Exercise
Reproduce, word for word, the lines in the material below starting with the one that has "In this session, we" and going on through the one that has "which maybe I'll". Leave out all pictures.

** Data in this exercise follows **

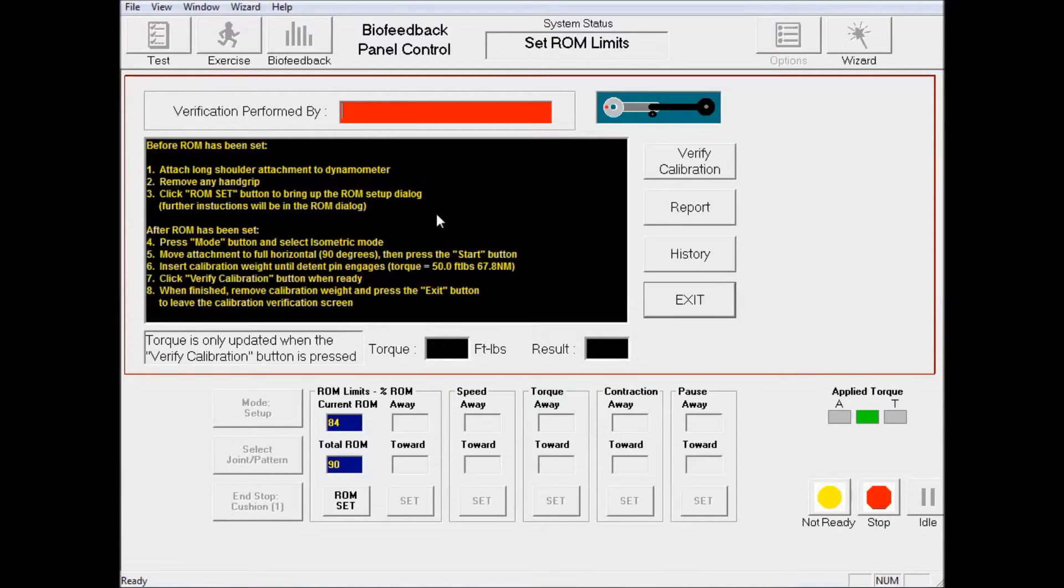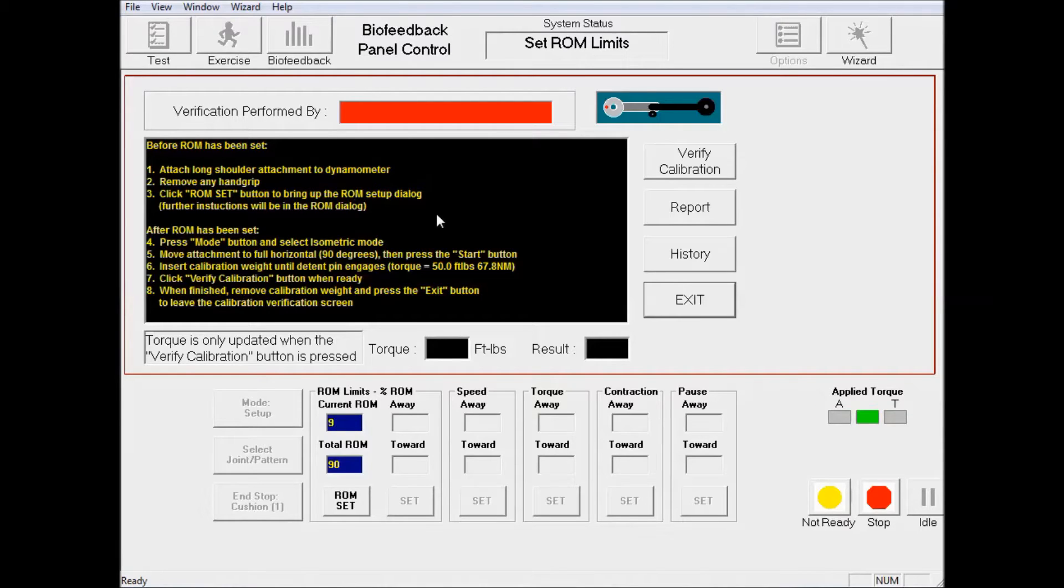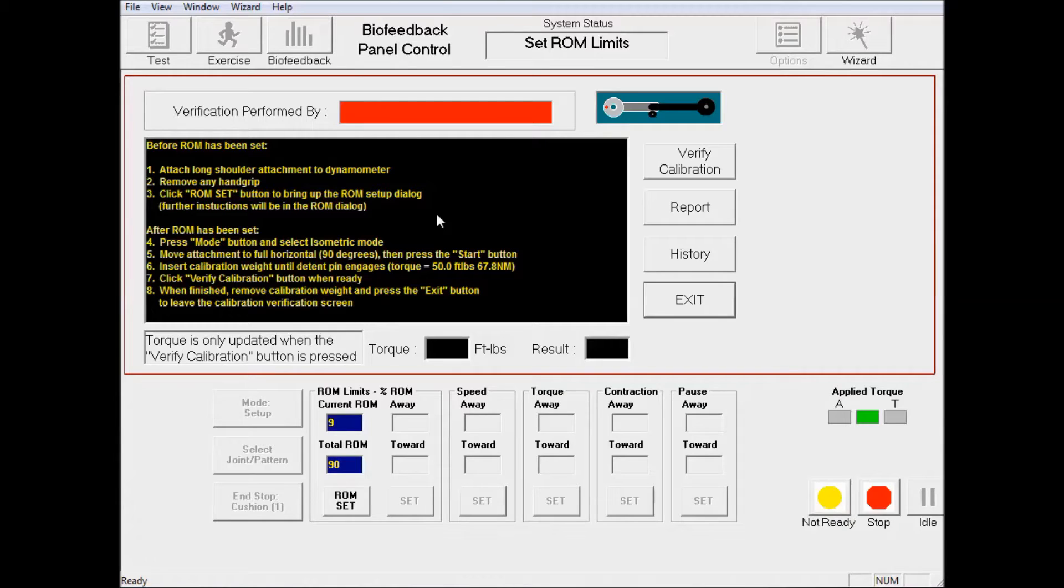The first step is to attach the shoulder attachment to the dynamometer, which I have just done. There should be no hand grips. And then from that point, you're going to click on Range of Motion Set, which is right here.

** End of Data in this exercise **
** Data in this exercise follows **

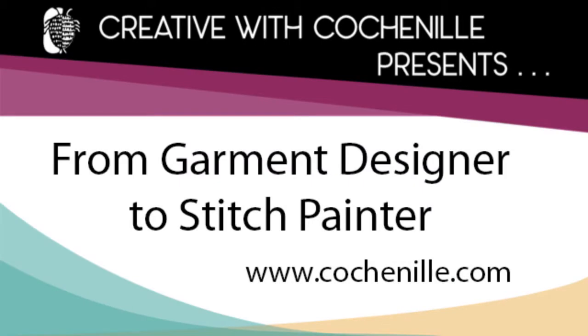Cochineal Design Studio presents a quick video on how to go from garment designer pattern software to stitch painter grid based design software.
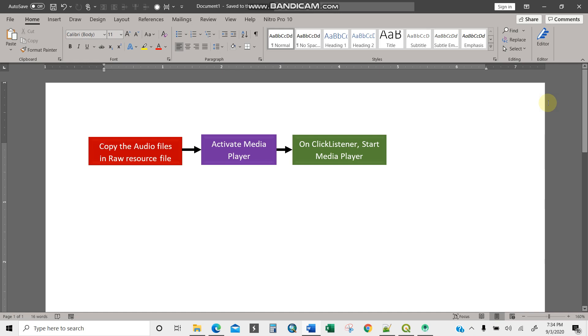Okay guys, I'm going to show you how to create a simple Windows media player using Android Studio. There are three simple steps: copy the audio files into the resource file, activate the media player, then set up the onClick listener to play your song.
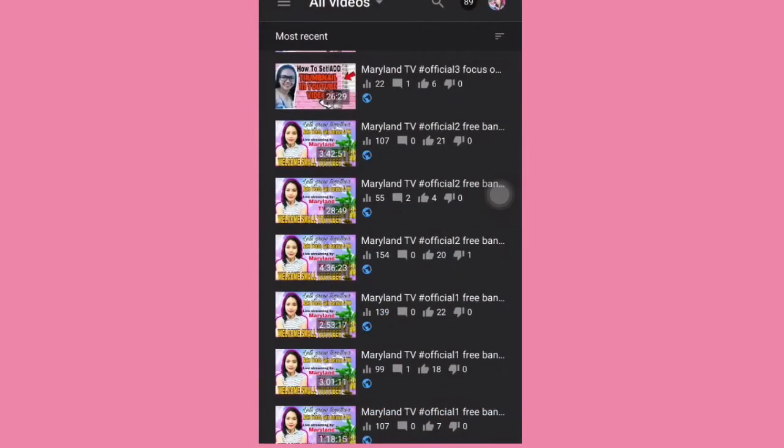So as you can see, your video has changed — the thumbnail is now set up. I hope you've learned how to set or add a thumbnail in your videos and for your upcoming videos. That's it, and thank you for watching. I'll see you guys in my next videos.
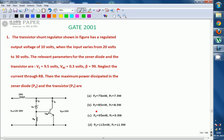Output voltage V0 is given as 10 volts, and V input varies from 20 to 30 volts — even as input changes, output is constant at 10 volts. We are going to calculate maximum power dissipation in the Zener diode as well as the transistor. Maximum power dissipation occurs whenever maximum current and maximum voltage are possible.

** End of Data in this exercise **
** Data in this exercise follows **

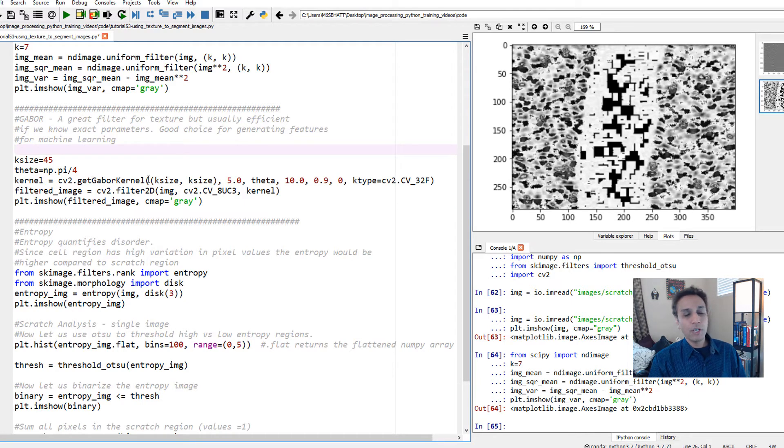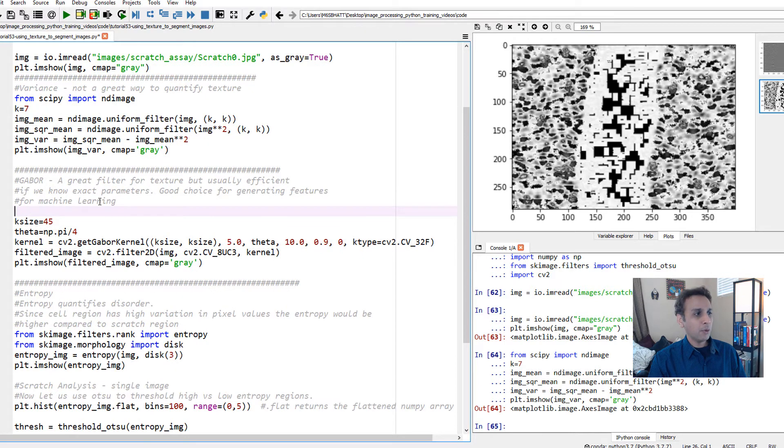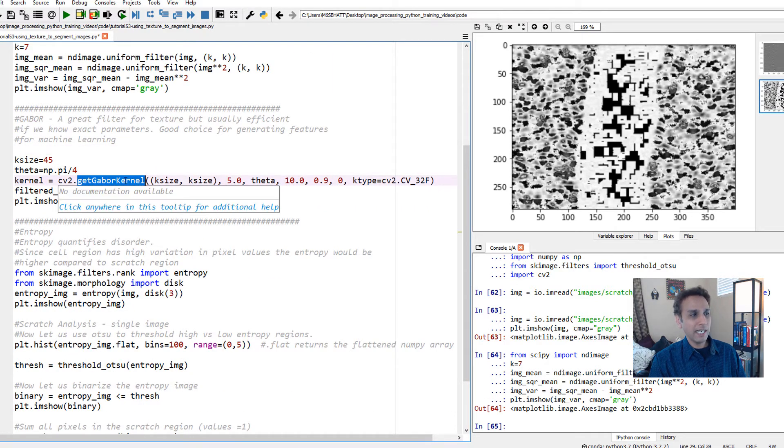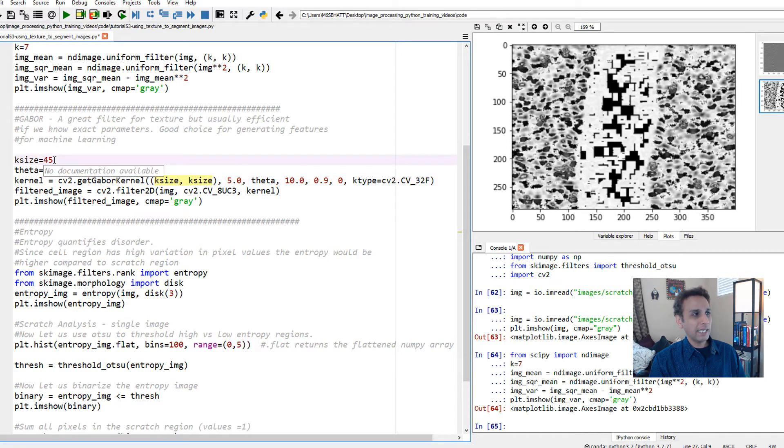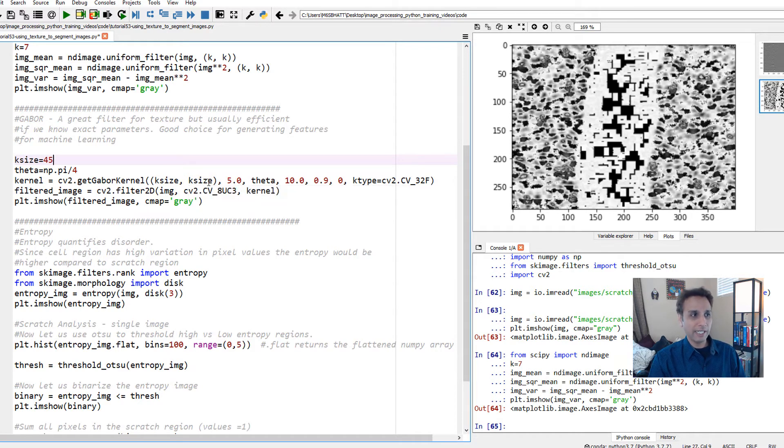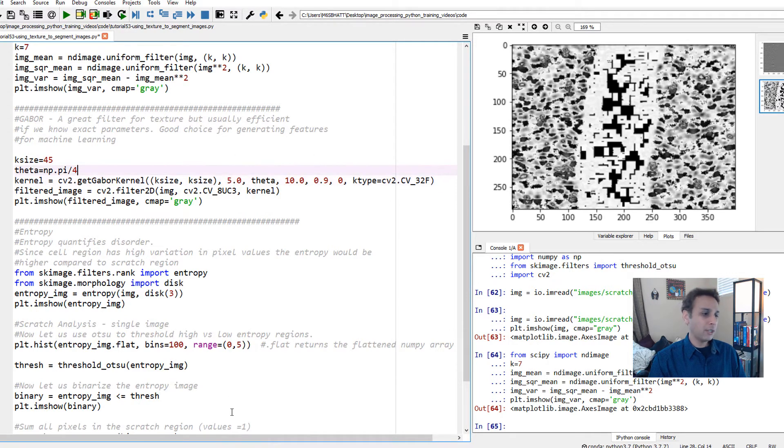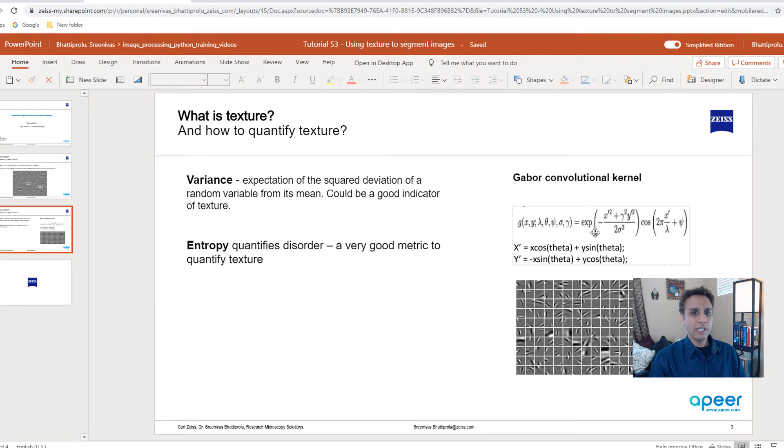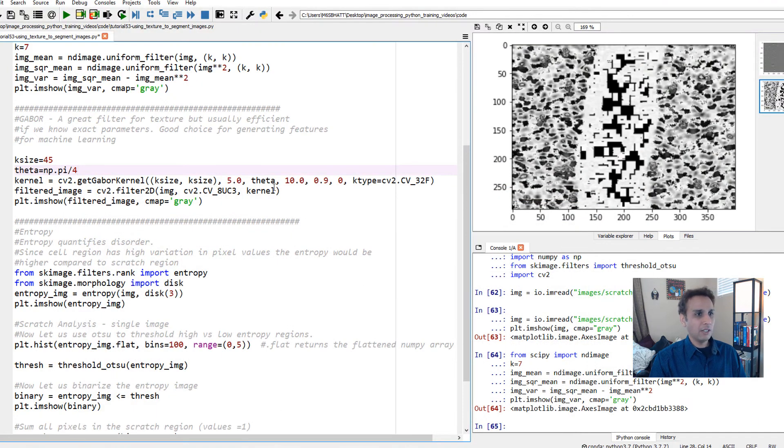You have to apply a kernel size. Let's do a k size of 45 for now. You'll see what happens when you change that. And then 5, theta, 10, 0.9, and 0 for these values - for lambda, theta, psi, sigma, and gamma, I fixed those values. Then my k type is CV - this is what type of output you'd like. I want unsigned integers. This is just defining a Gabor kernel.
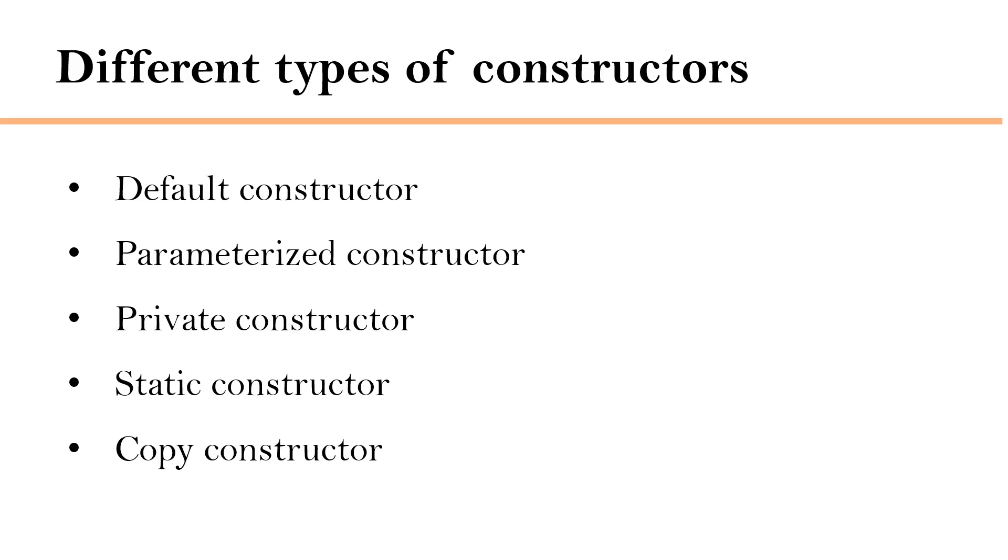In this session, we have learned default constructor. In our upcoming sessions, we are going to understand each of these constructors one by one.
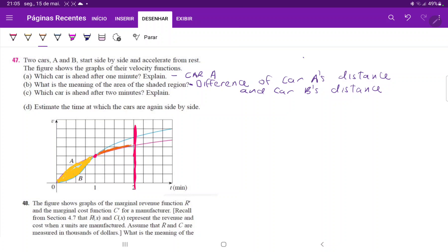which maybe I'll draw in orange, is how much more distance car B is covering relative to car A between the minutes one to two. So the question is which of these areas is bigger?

** End of Data in this exercise **

Reply
In this session, we have learned default constructor. In our upcoming sessions, we are going to understand each of these constructors one by one.
which maybe I'll draw in orange, is how much more distance car B is covering relative to car A between the minutes one to two. So the question is which of these areas is bigger?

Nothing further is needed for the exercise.